"SPORTING CLUBE DE PORTUGAL" por Tiago Salazar
Avô e pai Gomes, adeptos do Sporting, trouxeram-me, por ADN, a paixão leonina. Tenho bem presente o baptismo no velho Estádio José Alvalade. Era uma tarde ensolarada e lá fomos, eu, pai e avô (das poucas vezes que nos recordo juntos) assistir a uma partida do campeonato. Vi-me fascinado com o espectáculo ao vivo, embora me lembre de ter passado mais tempo ocupado a comer queijadas e a emborcar sumóis de ananás. Ganhámos o jogo e por cada golo (uma cabazada) vi-me içado como um papagaio de papel entre leões em êxtase. A emoção do golo tem a sua razão de ser na explicação para a irracionalidade do clubismo.

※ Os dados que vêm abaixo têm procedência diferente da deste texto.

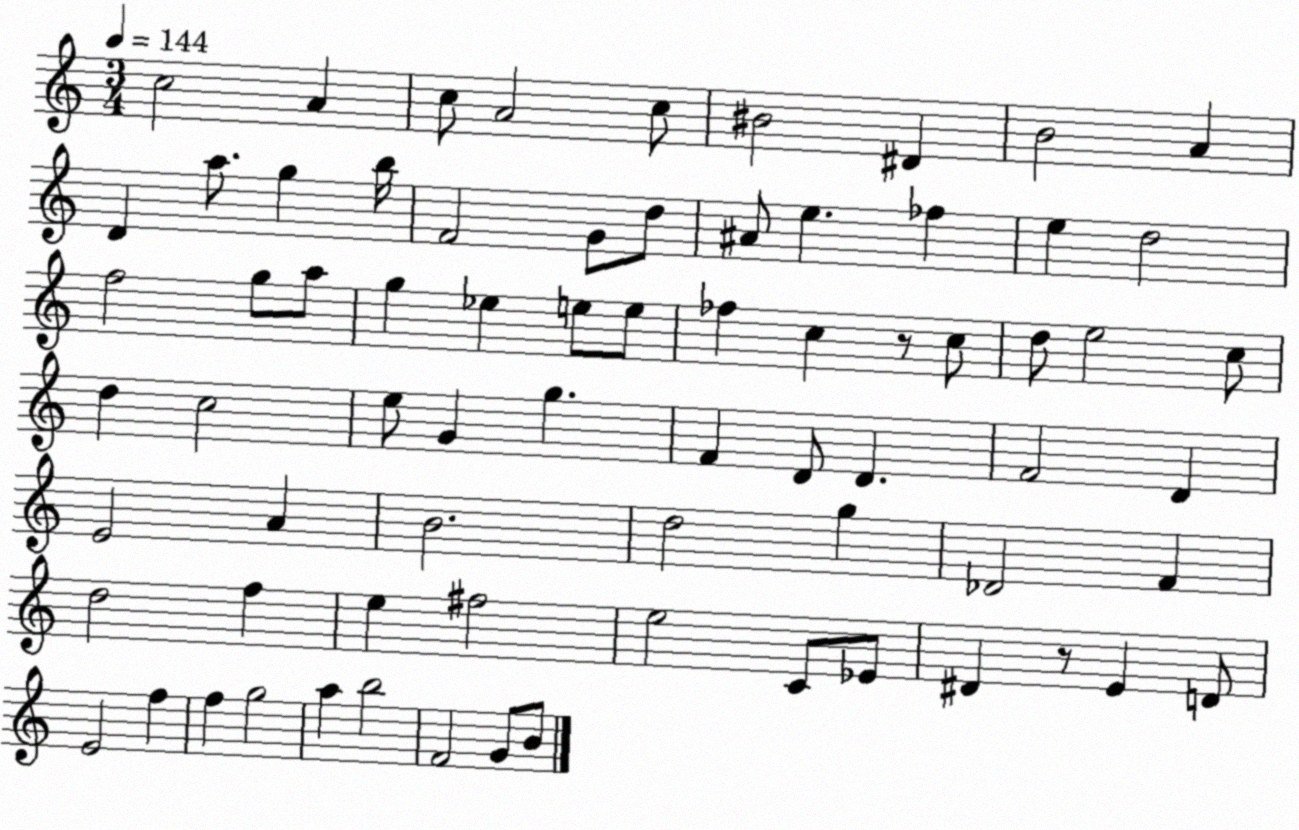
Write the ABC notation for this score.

X:1
T:Untitled
M:3/4
L:1/4
K:C
c2 A c/2 A2 c/2 ^B2 ^D B2 A D a/2 g b/4 F2 G/2 d/2 ^A/2 e _f e d2 f2 g/2 a/2 g _e e/2 e/2 _f c z/2 c/2 d/2 e2 c/2 d c2 e/2 G g F D/2 D F2 D E2 A B2 d2 g _D2 F d2 f e ^f2 e2 C/2 _E/2 ^D z/2 E D/2 E2 f f g2 a b2 F2 G/2 B/2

No Pote de Água eram todos do Benfica e não escapava à acrimónia de ser chamado de lagarto. Leão ou lagarto, todos se davam bem ao sol, tal como eu, equipado de verde e branco, a torrar de bola a rodopiar da cabeça aos pés. Ajeitava-me a dar toques na chincha, fosse esta de cautchu ou feita de trapos. Embora meão, tinha a facilidade de passar onde os maiores do que eu trocavam as pernas e daqui me nasceu a adoração por Maradona e Messi. Era titular do Hockey, o clube campeão do bairro, quando fui aos treinos de Alvalade a conselho do mister, que me achava capaz de aspirar a uma carreira de médio ala, assim ganhasse disciplina. Fiz a Avenida do Brasil em passo de corrida, a simular gingas e fintas e a imaginar-me o sexto violino. Cheguei ao treino e vi-me num relvado macio e aparado, depois de duas épocas a esfolar as pernas e os joelhos em campos pelados. Dei por mim rodeado de maduros com pêlos e músculos, duvidando de ser aquela a captação dos infantis. Os minutos passavam e todo eu fervia, entesado de ímpetos juvenis para mostrar a minha raça. Imitava os gestos dos que aqueciam e seguia atento às movimentações de cada jogador. Um deles sobressaía, pela postura de craque, a habilidade em conservar a bola, driblar e distribuir jogo. Mais tarde vim a saber dar pelo nome de Luís Figo. Aprendi depressa, ao ver o bailado, que entre um jogador e um cavalo de competição a diferença é pouca. Chegou a hora de entrar, e no espaço de dez minutos, apontei dois golos de tirar o chapéu, um de calcanhar e outro, um petardo de fora da área ao ângulo que levou ao aplauso da geral.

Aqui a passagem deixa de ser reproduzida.